Что же касается главного глагола – «выпить», то он имеет неисчислимое множество синонимов, от привившегося у нас s’en jeter un derrière la cravate (залить за галстук) до диковинных relever une sentinelle (сменить часового) и брутального étrangler un perroquet (придушить попугая). А выражение «убить (если угодно – заморить) червячка» (tuer le ver) здесь значит вовсе не перекусить, а выпить крепкий алкоголь натощак.
Как в извечной и неумирающей commedia dell’arte: те же персонажи, те же ситуации. Действующие лица, они же зрители, с потаенной радостью ждут знакомых сюжетов, интонаций, жестов, слов. Уследить за разговором невозможно.

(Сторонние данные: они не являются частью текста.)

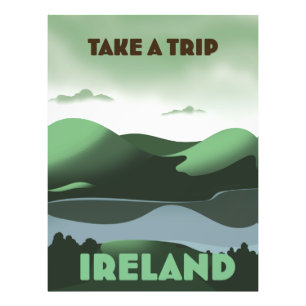 Ireland vintage style travel poster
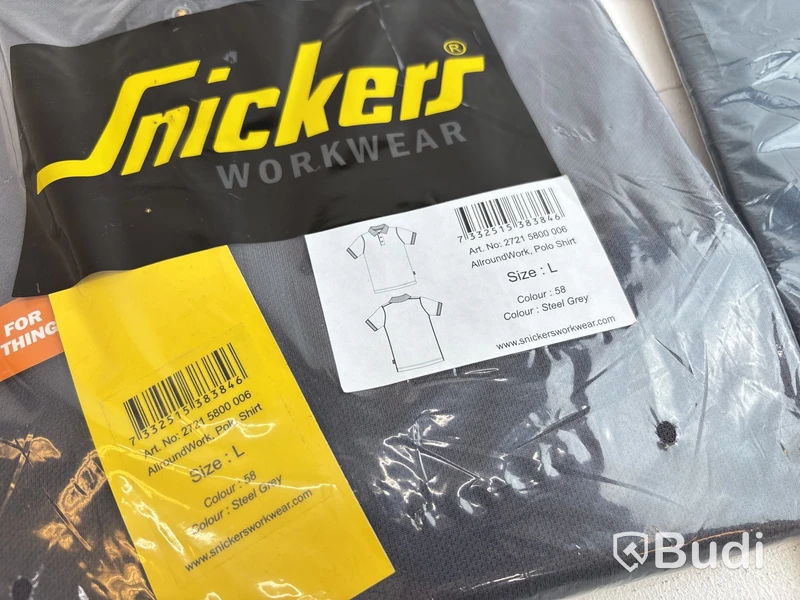 5 st. T-shirts Snickers, olika modeller och storlekar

Он состоит из междометий, всплесков негодующих фраз-восклицаний, частого упоминания о безобразных налогах, обмена мелкими устало-забавными сплетнями. Главное в разговоре – убежденность, что все мы, и наши разговоры, и вкус вина, и парижская погода, и как сыграли «Пари Сен-Жермен» с «Марселем» – все это по-прежнему занимает в жизни прочное и нетленное место, как пес Гаспар.
Завсегдатаи настолько живописны, что чудится, еще вчера они мелькнули в кадрах знаменитого фильма, причем фильма далеко не нового – шестидесятых-семидесятых годов. Дородный, стареющий, с круглыми мягкими и гладкими щеками блондин с длинными волосами все же напоминает д’Артаньяна. И не эспаньолкой, малозаметной на большом лице, но вальяжностью, странно соединенной с бешеной энергией и опасным весельем, дремлющими в парбх пива и сонной неге хмельной беседы: он уже выпил несколько бокалов пива и принялся за вино – эти напитки в Париже, вообще-то, мешать не принято.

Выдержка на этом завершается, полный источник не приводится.